▶ _What you should do_: Print exactly what appears from the line containing "Metal fence posts" through the final line of the data below, pictures excluded.

(Image-caption web data)
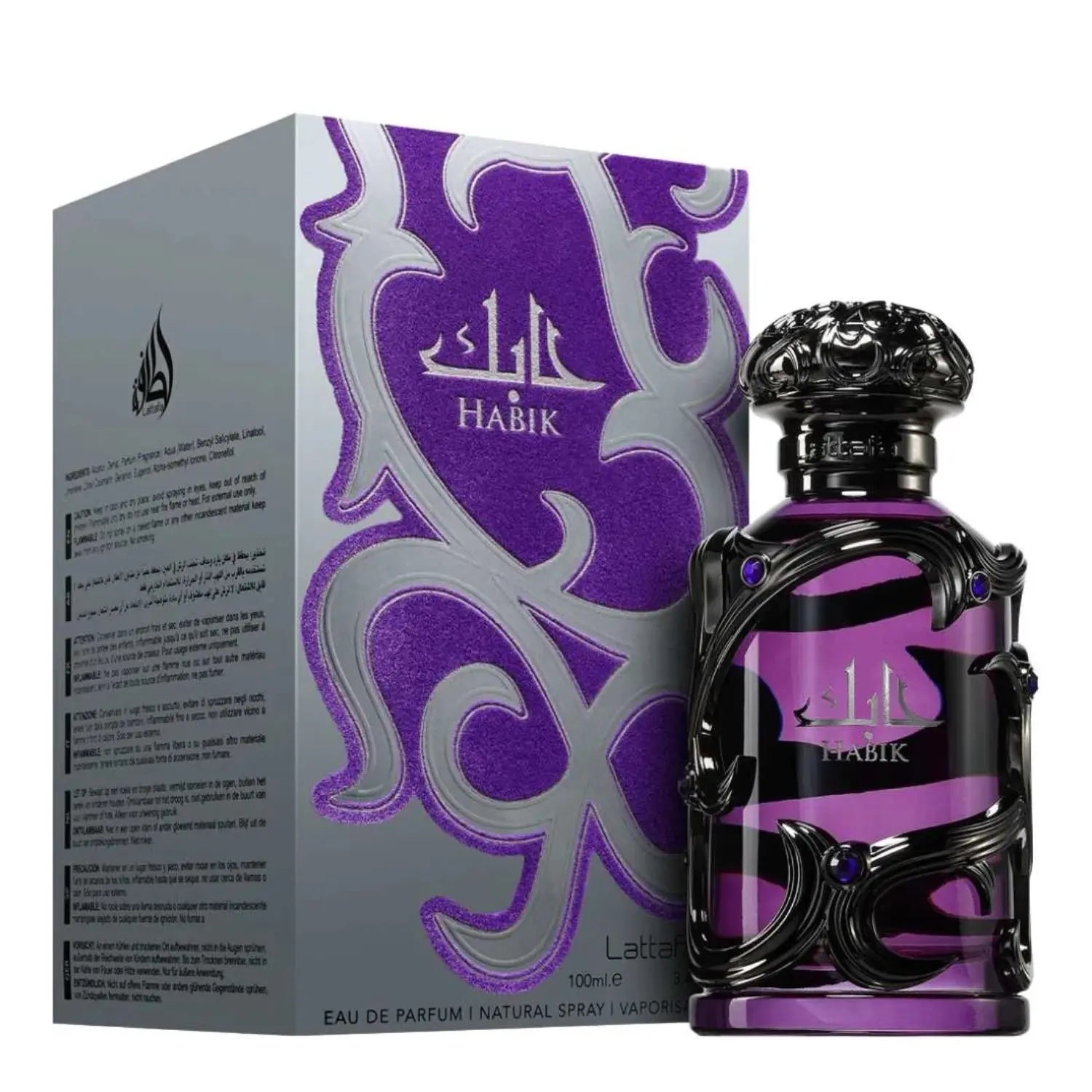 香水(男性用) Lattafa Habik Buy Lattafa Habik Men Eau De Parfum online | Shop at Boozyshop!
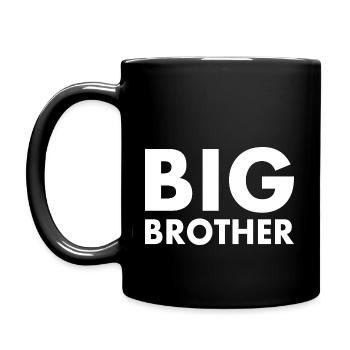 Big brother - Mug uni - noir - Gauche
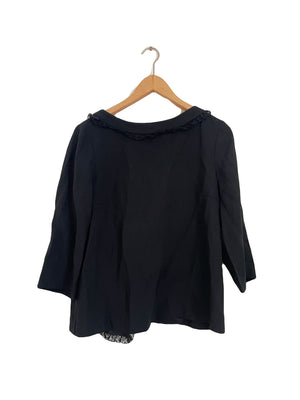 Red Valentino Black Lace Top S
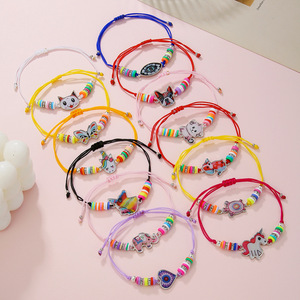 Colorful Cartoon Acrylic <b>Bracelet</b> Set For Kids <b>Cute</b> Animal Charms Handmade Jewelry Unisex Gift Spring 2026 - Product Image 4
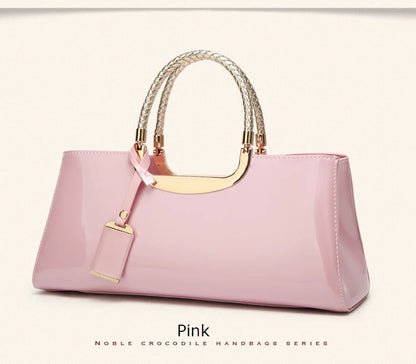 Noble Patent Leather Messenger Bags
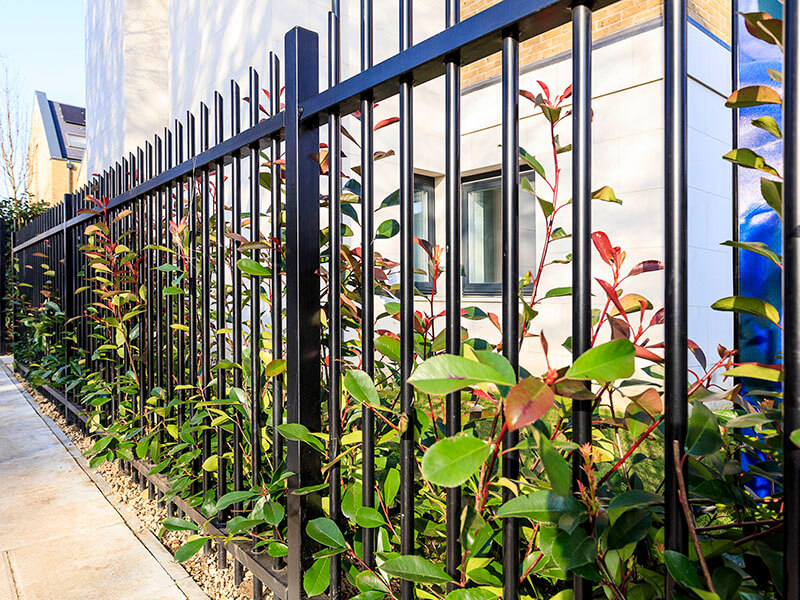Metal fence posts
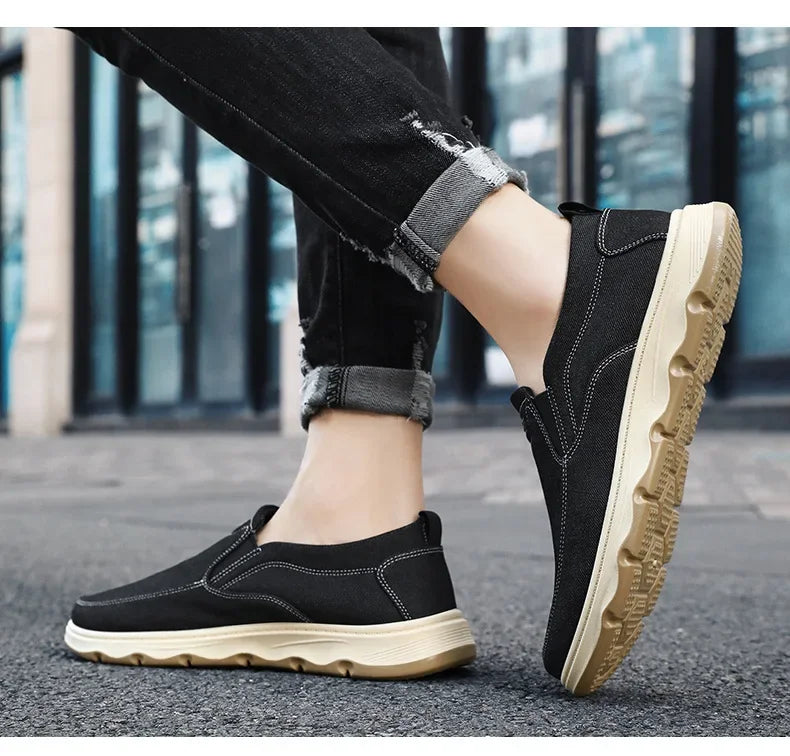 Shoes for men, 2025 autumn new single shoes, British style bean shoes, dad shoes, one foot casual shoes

▶ _Reply to the task_:
Metal fence posts
 Shoes for men, 2025 autumn new single shoes, British style bean shoes, dad shoes, one foot casual shoes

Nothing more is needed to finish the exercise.